Opening the show was AroarA, a duo of Andrew Whiteman (Apostle of Hustle, Broken Social Scene) and vocalist Ariel Engle. They came onstage and started playing to the sparse crowd with no introduction, Whiteman dressed in a white shirt and tie and Engle in a black dress. Their sound was akin to a folkier version of The Kills with the bluesy vocals and cigar box banjo of Engle complementing the nylon string guitar of Whiteman. In addition to their obvious folk and blues background, the sampled loops they played displayed Middle-eastern influenced polyrhythms, and Whiteman played through an assortment of guitar effects pedals. Three songs into the set, Whiteman said that they would be playing music accompanying the poems of Alice Notley from her book In the Pines and set his guitar down. The sampler wasn’t loud enough, and his voice, while capable, didn’t have the same character as Engle’s when he took the lead. He seemed uncomfortably exposed without his guitar, and he started doing an awkward squatting dance. This was the only misstep of the evening, though, as they quickly recovered and went on to play the best songs of their set.
After a short break, during which I heard syncopated clapping coming from the green room for several minutes, Here We Go Magic came onstage and started vamping to a jazzy drum beat as they tuned and sound checked. The loose focus they had as they played and the way they smiled at each other led me to think they were improvising, but after five minutes or so, lead singer Luke Temple started singing, and it was clear that this was a long lead-in to a song.
This casual, familiar chemistry between the band members characterized their set, something under-represented on their studio albums. While many people think jamming means wankish guitar solos, the set was short on instrumental pyrotechnics. Instead the band members proved themselves to be gifted musicians in the way they played off one another and fluidly transitioned between songs. Early into their set, they explained that their keyboardist had left the tour due to a family emergency, and they invited the members of AroarA up to fill in. Whiteman and Engle had changed out of their more formal attire and didn’t miss a beat as they sat in with the rest of the band, Engle singing while Whiteman played keyboards.

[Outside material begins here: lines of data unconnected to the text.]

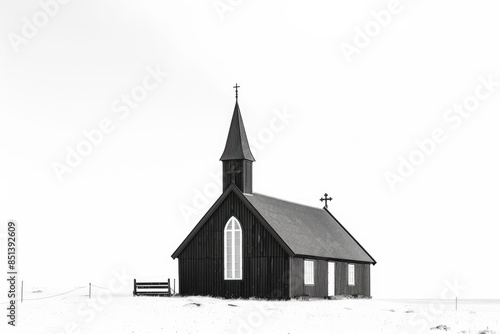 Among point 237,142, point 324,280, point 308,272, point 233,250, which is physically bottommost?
point 324,280

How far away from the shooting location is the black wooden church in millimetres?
47156

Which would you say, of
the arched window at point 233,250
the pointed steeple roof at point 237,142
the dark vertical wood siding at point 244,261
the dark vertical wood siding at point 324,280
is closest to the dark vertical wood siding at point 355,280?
the dark vertical wood siding at point 324,280

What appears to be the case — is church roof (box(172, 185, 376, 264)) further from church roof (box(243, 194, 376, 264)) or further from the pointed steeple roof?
the pointed steeple roof

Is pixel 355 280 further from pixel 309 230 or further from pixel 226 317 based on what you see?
pixel 226 317

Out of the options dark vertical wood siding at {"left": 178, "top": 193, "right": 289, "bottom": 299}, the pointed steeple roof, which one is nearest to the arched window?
dark vertical wood siding at {"left": 178, "top": 193, "right": 289, "bottom": 299}

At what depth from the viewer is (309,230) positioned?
179 feet

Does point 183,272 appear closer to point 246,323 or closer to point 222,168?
point 222,168

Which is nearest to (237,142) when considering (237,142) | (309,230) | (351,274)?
(237,142)

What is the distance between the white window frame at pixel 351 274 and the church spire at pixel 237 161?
40.1 feet

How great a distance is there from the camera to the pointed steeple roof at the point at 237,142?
49.4 m

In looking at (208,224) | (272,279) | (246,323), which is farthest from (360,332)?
(208,224)

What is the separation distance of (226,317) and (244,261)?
32.2ft

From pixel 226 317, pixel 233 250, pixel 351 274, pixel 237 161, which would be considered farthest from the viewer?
pixel 351 274

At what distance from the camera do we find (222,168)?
50156 millimetres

Throughout the set, Engle and Here We Go Magic bassist Jennifer Turner traded vocal lines, sometimes in a hypnotic contrapuntal fashion. The crowd responded well to the performance, dancing the entire set to the band’s breezy take on the jazzier side of classic rock. It’s not easy to get people to dance to a quick 6/4 beat, as they did for one song. The probable highlight was the band’s poppiest tune, “Collector,” the arpeggiated guitar lines whipping the crowd into a frenzy.
Interestingly, the band didn’t play any songs from their just-released EP, the January EP, a collection of outtakes from their sophomore LP Pigeons. The interplay between the band and the audience climaxed during the last song of their encore as an abrupt transition left the audience stomping and clapping loudly on the beat while the band jammed polyrhythmically, Andrew Whiteman banging on a beer bottle. The last song of their pre-encore set swelled to a thunderous single-chord drone, then unraveled into cacophony and died out slowly while a propulsive drum beat pounded on. Here We Go Magic proved that they are the rare type of band that can make intricate, layered pop music in the studio and also please a crowd with their charismatic improvisations.